Rockets, of course, also made a technological resurgence during World War II. Their absence  from the battlefield (apart from their cousins, the mortars) was due to their ineffectiveness in the War of 1812. Except for being excellent terror weapons (so much so, we turned a song about rockets into our national anthem), rockets did little damage to targets on the ground.

Wernher von Braun and his team of rocket scientists changed all that. Following in the developmental footsteps of American scientist Robert Goddard, von Braun's team created a continuously-improved collection of liquid-fueled missiles in the mid-1930s called the Aggregat series. Aggregat-1 was a 4-foot-tall rocket with a gyroscope in the nose, and incorporated Goddard's turbo-pump ideas to move fuel into the engine. The second group of Aggregat rockets were fully operational and flew in test launches to altitudes over a mile high. The A3 series, although never successfully launched, incorporated both a stabilizing gyroscope, plus two additional "steering" gyroscopes that manipulated thrust vanes placed in the path of the rocket exhaust.

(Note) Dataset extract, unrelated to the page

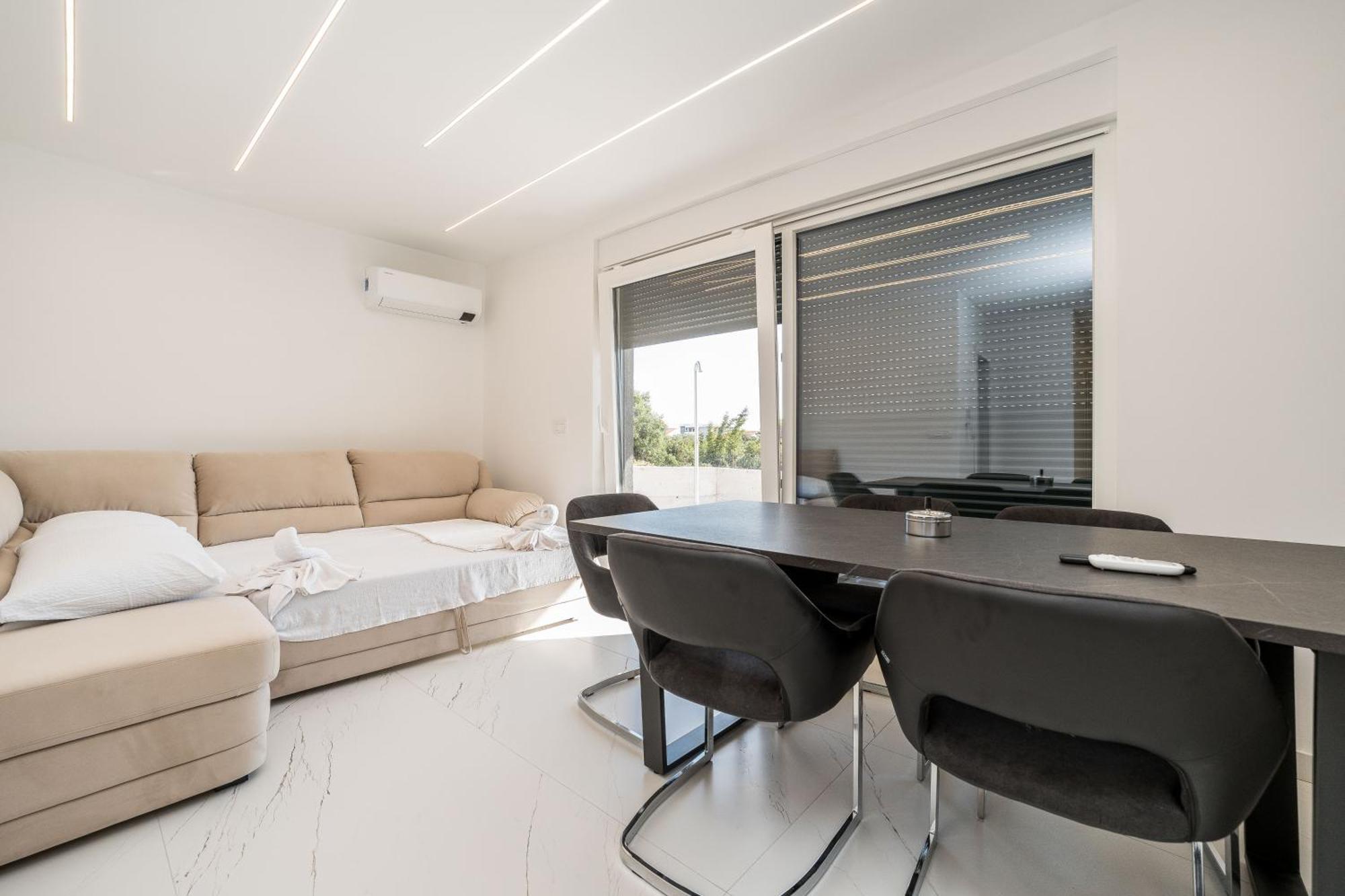Apartment Ante *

Dr. von Braun, at right, explaining rocketry to his customer base.
"Nazi, Shmatzi," says Wernher von Braun.
Then came the A4, or as the Nazis named it, Vergeltungswaffe 2 (Vengence Weapon 2), or V-2. The V-2 was huge - over 45 feet tall, and capable of carrying a 500-lb. payload 55 miles into the sky, and then hit a target 200 miles away at more than four and a half times the speed of sound. It wasn't very accurate, but the speed and the magnitude of the destruction where it landed was a significant advancement in rocket warfare. By the time World War II ended, three thousand V-2s had killed over seven thousand military and civilians on the ground.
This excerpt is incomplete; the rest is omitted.